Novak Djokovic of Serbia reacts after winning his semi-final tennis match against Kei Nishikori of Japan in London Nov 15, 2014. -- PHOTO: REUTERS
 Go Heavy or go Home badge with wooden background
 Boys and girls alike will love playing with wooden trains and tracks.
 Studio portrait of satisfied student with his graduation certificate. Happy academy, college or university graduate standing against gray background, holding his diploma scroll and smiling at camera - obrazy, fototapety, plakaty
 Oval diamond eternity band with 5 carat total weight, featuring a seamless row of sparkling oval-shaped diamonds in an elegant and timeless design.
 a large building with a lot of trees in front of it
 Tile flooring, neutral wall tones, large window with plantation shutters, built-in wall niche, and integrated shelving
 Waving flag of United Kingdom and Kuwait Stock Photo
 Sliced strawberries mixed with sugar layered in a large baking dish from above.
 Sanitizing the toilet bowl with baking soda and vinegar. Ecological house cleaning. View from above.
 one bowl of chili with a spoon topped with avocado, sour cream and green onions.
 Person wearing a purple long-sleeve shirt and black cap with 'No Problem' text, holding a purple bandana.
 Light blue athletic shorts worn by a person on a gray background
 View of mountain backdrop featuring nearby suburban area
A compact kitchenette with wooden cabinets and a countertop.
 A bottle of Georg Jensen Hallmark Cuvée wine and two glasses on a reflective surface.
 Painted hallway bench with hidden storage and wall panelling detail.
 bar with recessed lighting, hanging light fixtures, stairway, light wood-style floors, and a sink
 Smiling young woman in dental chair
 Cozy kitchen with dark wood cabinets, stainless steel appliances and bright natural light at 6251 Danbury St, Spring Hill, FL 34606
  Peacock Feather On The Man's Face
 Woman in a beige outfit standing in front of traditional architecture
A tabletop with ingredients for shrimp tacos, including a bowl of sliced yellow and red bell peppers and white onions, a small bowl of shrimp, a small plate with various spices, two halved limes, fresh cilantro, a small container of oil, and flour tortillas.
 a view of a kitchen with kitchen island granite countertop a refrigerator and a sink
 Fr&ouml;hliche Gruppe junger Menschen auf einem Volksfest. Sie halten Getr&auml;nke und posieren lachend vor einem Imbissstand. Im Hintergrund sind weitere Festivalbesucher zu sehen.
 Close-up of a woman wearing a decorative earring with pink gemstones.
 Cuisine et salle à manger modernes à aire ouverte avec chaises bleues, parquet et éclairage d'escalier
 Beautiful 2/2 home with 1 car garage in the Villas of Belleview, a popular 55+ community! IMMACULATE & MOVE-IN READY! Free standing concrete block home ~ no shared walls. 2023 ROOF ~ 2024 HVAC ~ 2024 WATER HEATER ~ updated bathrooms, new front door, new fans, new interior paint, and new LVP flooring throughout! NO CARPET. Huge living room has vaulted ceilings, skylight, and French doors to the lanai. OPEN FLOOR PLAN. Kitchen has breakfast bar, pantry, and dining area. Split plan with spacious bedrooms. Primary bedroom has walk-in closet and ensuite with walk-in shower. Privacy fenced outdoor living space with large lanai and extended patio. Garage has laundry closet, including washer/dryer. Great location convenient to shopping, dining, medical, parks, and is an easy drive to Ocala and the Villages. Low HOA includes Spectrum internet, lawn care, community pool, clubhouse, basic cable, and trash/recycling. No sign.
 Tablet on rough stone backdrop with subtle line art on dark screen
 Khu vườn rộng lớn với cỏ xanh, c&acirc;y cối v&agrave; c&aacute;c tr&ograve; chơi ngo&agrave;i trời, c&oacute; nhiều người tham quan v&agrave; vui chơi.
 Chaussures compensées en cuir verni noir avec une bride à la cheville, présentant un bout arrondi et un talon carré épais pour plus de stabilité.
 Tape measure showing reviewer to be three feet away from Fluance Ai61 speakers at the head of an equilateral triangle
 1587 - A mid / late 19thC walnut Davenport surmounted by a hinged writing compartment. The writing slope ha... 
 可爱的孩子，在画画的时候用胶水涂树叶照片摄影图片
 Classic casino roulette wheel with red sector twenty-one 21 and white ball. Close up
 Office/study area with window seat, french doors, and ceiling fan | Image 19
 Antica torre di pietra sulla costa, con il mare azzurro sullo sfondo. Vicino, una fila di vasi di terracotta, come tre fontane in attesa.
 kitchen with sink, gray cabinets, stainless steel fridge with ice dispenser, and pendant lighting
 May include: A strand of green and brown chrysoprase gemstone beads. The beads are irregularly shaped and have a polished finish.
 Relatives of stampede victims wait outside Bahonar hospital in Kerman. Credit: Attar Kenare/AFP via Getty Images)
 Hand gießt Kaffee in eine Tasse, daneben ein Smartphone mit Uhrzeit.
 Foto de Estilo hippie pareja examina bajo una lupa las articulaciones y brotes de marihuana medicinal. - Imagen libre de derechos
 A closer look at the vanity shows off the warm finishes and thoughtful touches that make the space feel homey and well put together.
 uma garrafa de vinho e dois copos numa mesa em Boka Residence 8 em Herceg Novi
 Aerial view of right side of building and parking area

※ ※ ※

◆ Required action ◆
In the material above, how many lines have the word "backdrop"? Give that number and nothing else.

◆ Output of the task ◆
2